Hükümet, terörle mücadele yasasını kullanarak, aranan şüphelilere baskı uygulamak için aile üyelerini hedef aldı. Hükümet önlemleri arasında, devlet kurumlarından uzaklaştırılan veya ihraç edilen memurların aile üyelerinin pasaportlarının iptal edilmesi de yer aldı. Bazı durumlarda hükümet, Gülen hareketiyle bağlantılı olarak aranan veya suçlanan ülke dışındaki kişilerin reşit olmayan çocuklarına pasaport vermeyi reddetti. Hükümet, Gülen hareketiyle veya başarısız darbe girişimiyle bağlantılı olmakla suçlanan on binlerce vatandaşın yanı sıra onların geniş aile üyelerine yurt dışı seyahatlerine kısıtlamalar getirdi.
Hükümet Gülen cemaati üyesi olduğunu iddia ettiği kişileri tutuklamak için dünya çapında girişimlerde bulundu. Hükümetin diğer ülkelere, yasal süreçleri takip etmeksizin belirli kişilere karşı olumsuz tedbirler almaları için ikili baskı uyguladığına dair güvenilir raporlar bulunmaktadır.
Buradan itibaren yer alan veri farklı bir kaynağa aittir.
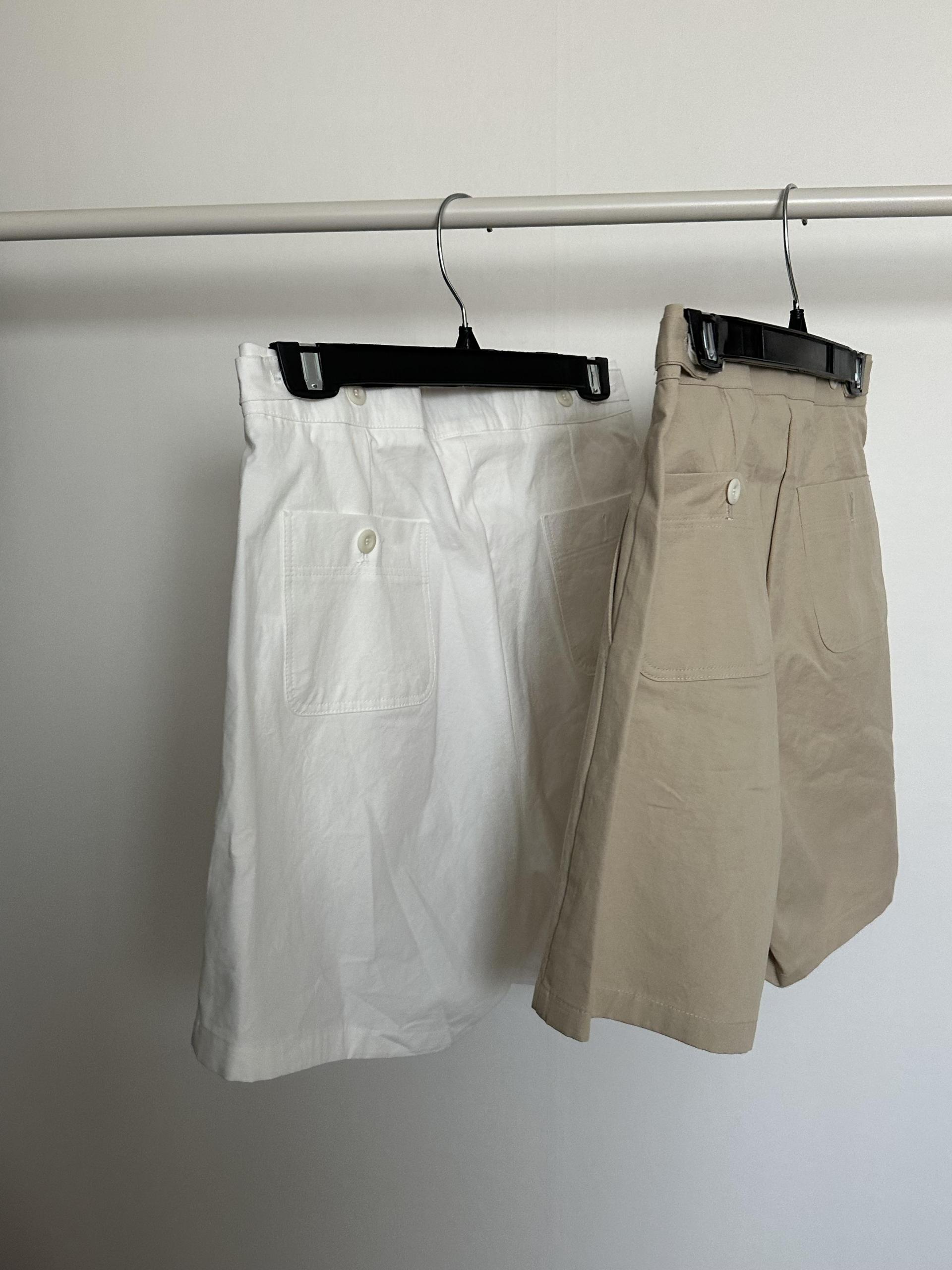 row half pants (beige/white)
BM özel raportörlerinin Mayıs ayında hazırladığı bir rapora göre, hükümetin 2016 darbe girişiminden bu yana 100’den fazla Türk vatandaşını Türkiye’ye zorla nakletmek için diğer devletlerle işbirliği yaptığı bildirildi.
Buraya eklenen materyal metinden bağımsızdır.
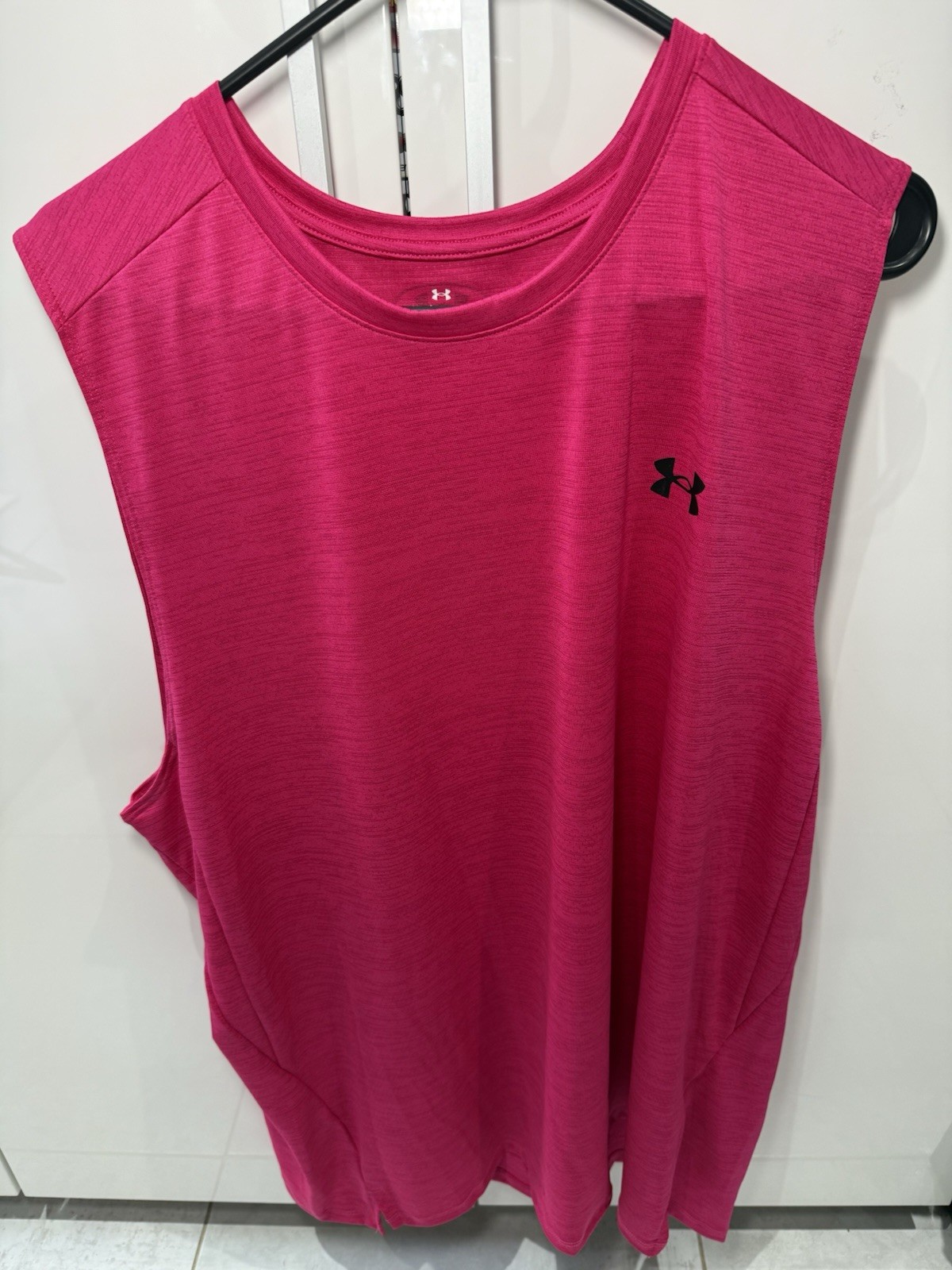 Under Armour Men XL Fuchsia Tech Vent Sleeveless Tank Top Shirt 1384290-681 gallery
Ocak ayında Arnavutluk, Gülen hareketiyle bağlantılı bir okulda öğretmenlik yapan Türk vatandaşı Harun Çelik’i 2019’da sahte belgelerle seyahat ettiği için tutukladıktan sonra Türkiye’ye sınır dışı etti. Çelik’in avukatı, Çelik’in Arnavutluk’ta gözaltındayken sığınma talebinde bulunduğunu ve Arnavutluk’un onu ülkesine geri gönderdiğini bildirdi. Yetkililer, İstanbul’a vardığında Çelik’i gözaltına aldı. Türk medyası, geri göndermeyi Türk devlet istihbaratının başarılı bir operasyonu olarak duyurdu. Bu şartlar altında ülkeye dönen kişiler, genellikle Gülen hareketiyle olan ilişkileri nedeniyle yasal işlemlerle karşı karşıya kaldılar.
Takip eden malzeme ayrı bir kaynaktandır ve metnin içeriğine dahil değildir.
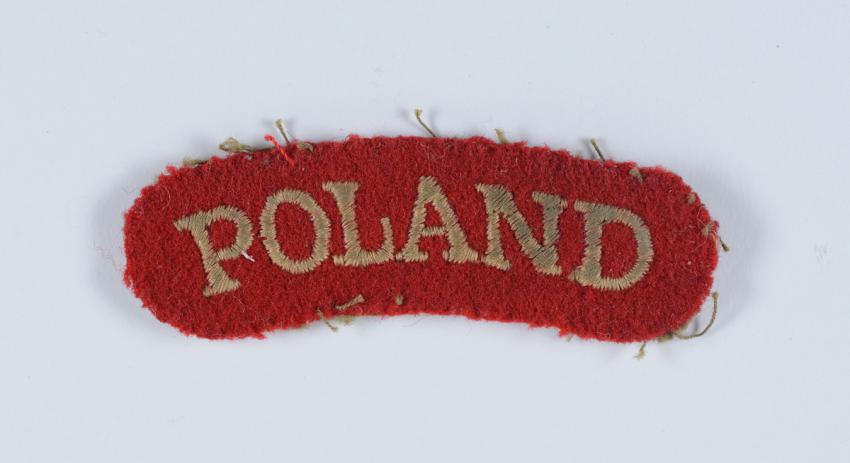 סמל החטיבה הפולנית בצבא הבריטי אותו ענד על המדים יואל צרבונגורה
İnsan hakları örgütlerinin raporlarına göre, bazı doktorlar cezalandırılacakları korkusuyla işkence yapıldığını gösteren tıbbi raporları imzalamaktan imtina etti. Sonuç olarak, mağdurlar iddialarını kanıtlamaya yardımcı olacak tıbbi belgeler genellikle alamadılar.